Monday, August 10, 2009

Last night after I left you all...

Last night I decided to take a leap of faith and do something that I had mixed emotions about. Yes, I took the plunge and posted a photo of myself and my spouse (hubby) on my Facebook page. And not without some difficulty so I pleaded for help on my page and my eldest son’s ex-girlfriend, a doll of a person, actually called me and walked me through it, apparently I had been doing it right but I was just being a little too impatient on how long the upload actually took, it seemed like forever to me, ah old age how we change!
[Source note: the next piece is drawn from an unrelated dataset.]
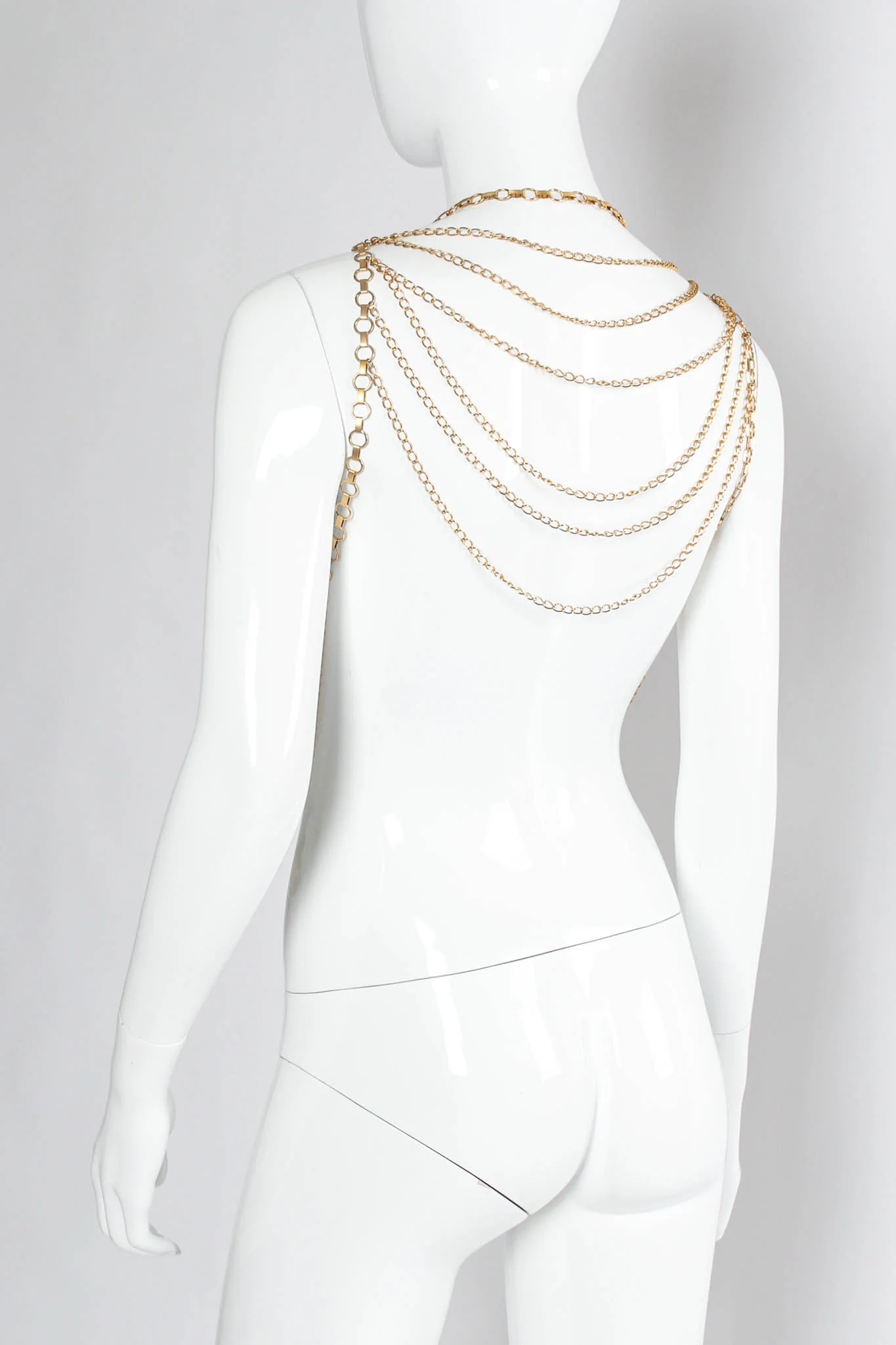 Floral Filigree Multi Chain Harness - Image 4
Amazingly, after her call instantaneously it was there on the screen!

Now I do know what all of you are saying…big deal isn’t that what everyone does?

I suspect, yes, most do, do that, but my PIC was an older one of when I was looking the picture of health and it was only a little over four years ago; in my heart a lie. Hubby does still look the same though.

Unfortunately, if you looked at that picture and tried to find that woman in a crowd and I was in that crowd, you would walk right past me, and think that woman wasn’t there.

Sadly, I have gone down the tubes in my appearance so much so that I am so ashamed of that fact that I refuse to allow anyone to take a picture of me. I know that is silly and vain, but I am a woman who used to pride herself on keeping a healthy well groomed appearance. (PS I am still well groomed when I go out, but in a much larger way. LOL) I also have this horrified feeling that all those people who befriended me due to that appearance were so shallow that I no longer hear from them. (In reality it is me who no longer believes she belongs.) I do know that it is what is inside of you that counts and those people weren’t true friends anyway if they really thought that way. This sounds like high school, but unfortunately the reality is there are more people like who I mentioned than others who really want to know you for your heartfelt interests in others the world or whatever unselfishness you truly have in you. Self absorption seems to be rearing its ugly head tonight and for that I am sorry!

I did receive a reaction to the photo from one old chum the younger brother to my one person who admits she reads this Blog.
I felt I had to explain the photo when he rightfully mistaken that I had held up well over the years…horrors! I felt like the fraud I portrayed in that falsified outdated remnant of my better past. So I explained with TMI (too much information) as the usual me has a habit of doing way too often, and now I have mixed emotions about apologizing for that too, I better let that go…

We are receiving a deluge again tonight; hubby enjoys the no need for watering manually affects the rain has.

On that note of replenishment I will bid you all a good night and to all be safe, and count those blessings and I will too!